European Union tariffs slowed the influx of Chinese-made electric vehicles in July, as the bloc moved to protect its automakers from low-cost competition.
The number of new EVs that Chinese automakers like BYD Co and SAIC Motor Corp’s MG registered in the EU last month fell 45% from June, according to research from Dataforce, which compiled results across the 16 member countries that have reported July figures to date.
The drop may have been exaggerated by carmakers rushing to get EVs to dealers before the added levies took effect July 5.
“We saw a huge push from Chinese manufacturers” to empty stockpiles in June, said Matthias Schmidt, an independent auto analyst based near Hamburg. “That likely caused an inventory burn.”
The provisional tariffs, which raise import duties to as high as 48%, are meant to shield an important EU industry from Chinese rivals that enjoy structural advantages in key areas such as battery technology that have benefited from state subsidies. Political tensions remain high, with Beijing threatening to retaliate amid talks to resolve the matter.
Overall, Chinese brands weren’t massively out of step with the 36% sequential slide in EV sales for the 16 countries tracked by Dataforce. BMW, Stellantis and Tesla also import Chinese-made EVs that are subject to the higher EU tariffs. The June spike was less pronounced for Western companies that were more cautious in managing their inventory, Schmidt said. There’s little in the July figures to suggest Chinese brands have tempered their ambitions to expand in Europe.

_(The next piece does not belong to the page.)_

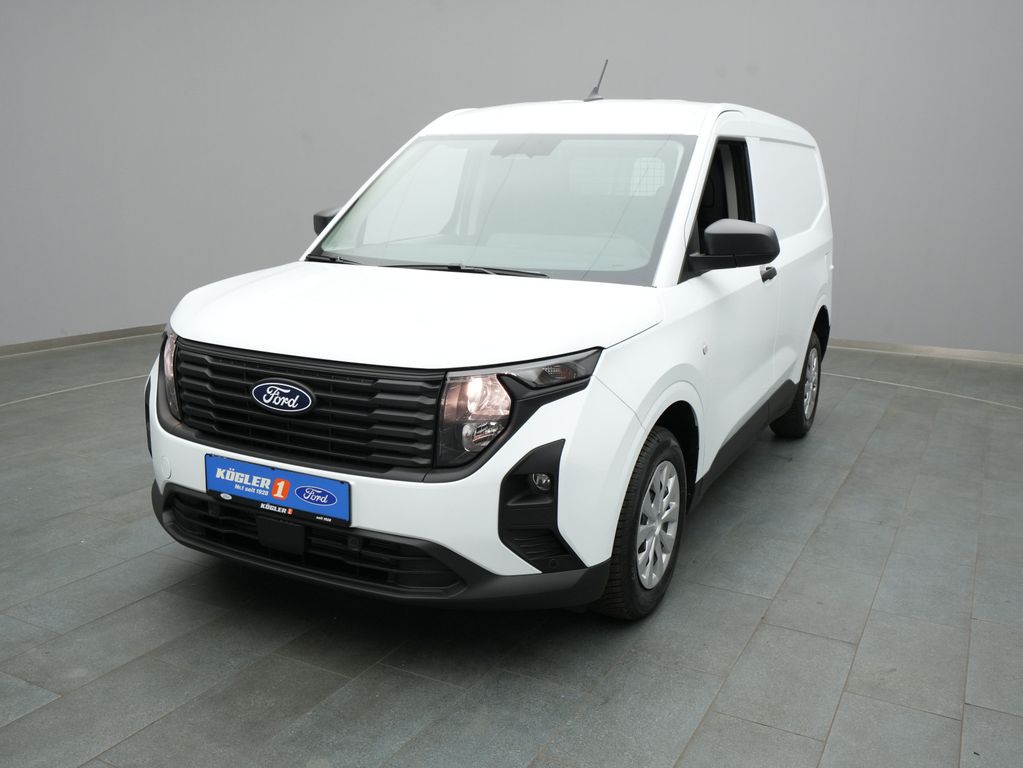 Ford Transit Courier 2026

From a standing start in 2019, MG, BYD and others have steadily grown — their share of the EU’s electric-car market stood at 8.5% in July, based on the Dataforce figures, up from 7.4% a year earlier. While EVs are still a small part of the European market, they’re set to dominate over time as combustion cars are phased out.
BYD sold three times more EVs in the 16 markets in July than it did a year earlier. MG, part of Chinese state-owned SAIC, posted a 20% drop in July from a year earlier, while Polestar sales declined 42%.

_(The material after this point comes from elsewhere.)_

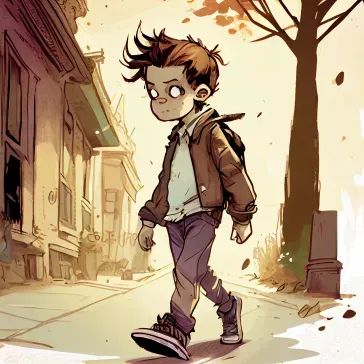 Childrens Book Illustrations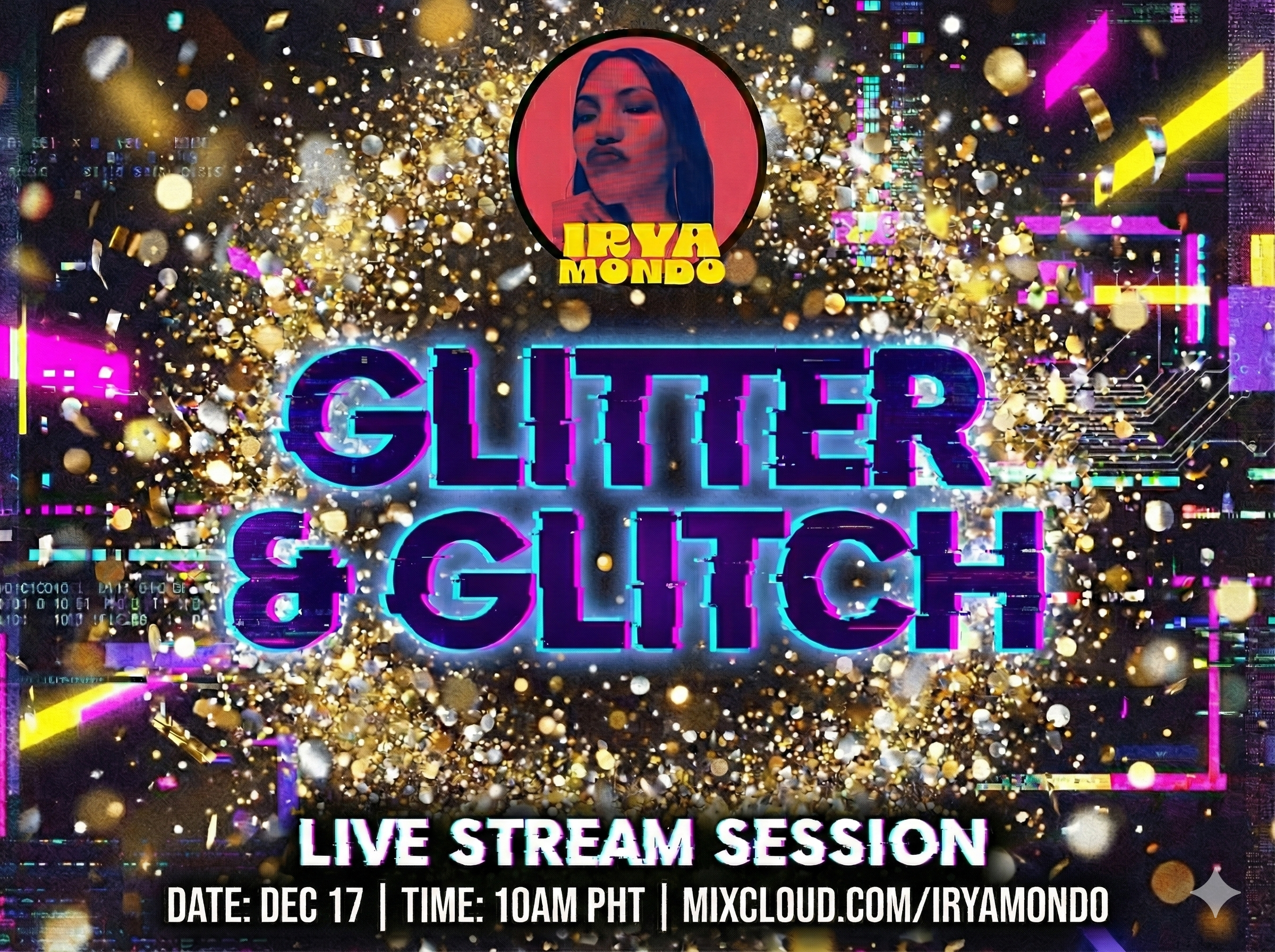 Irya Mondo Digital Art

“BYD’s increases are really softening the fall” for Chinese brands, said Julian Litzinger, a Dataforce analyst. China’s top-selling car brand is pressing on with its expansion in Europe. BYD’s sponsorship of the Euro 2024 football tournament in Germany exposed the company to 5bn TV viewers.

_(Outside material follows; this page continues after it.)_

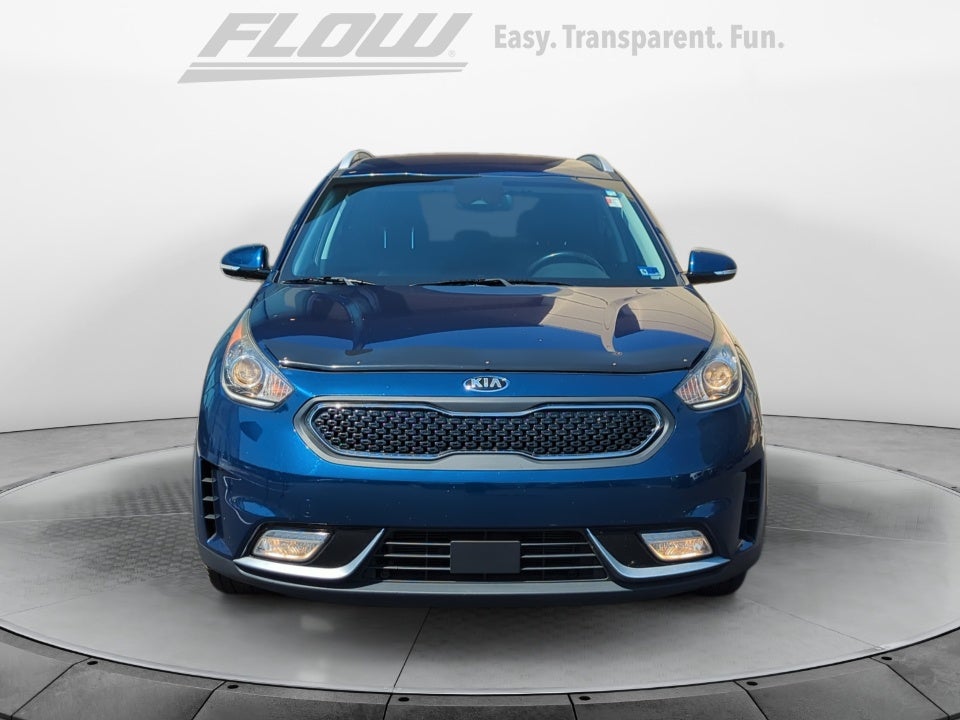 2019 Kia Niro EX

For now, BYD’s pricing strategy in Europe remains unchanged after the tariffs. It expanded into Poland on August 6, signalling it’s prepared to live with higher duties as it builds a new plant in Hungary.
The new tariffs were put in place after an EU probe found Beijing subsidizes its EV industry to an extent that causes economic harm to the bloc’s carmakers. MG is subject to an additional 37.6% duty on top of the existing 10% rate, while Volvo owner Geely Automobile Holdings Ltd. and BYD will pay 19.9% and 17.4% more, respectively. The levies will become permanent in November, barring a deal between Brussels and Beijing.
The tariff debate has coincided with a slowdown in global EV sales growth that’s put pressure on manufacturers across regions.
EU policymakers are seeking to balance job protection with the goal of phasing out new fossil fuel-burning cars by 2035.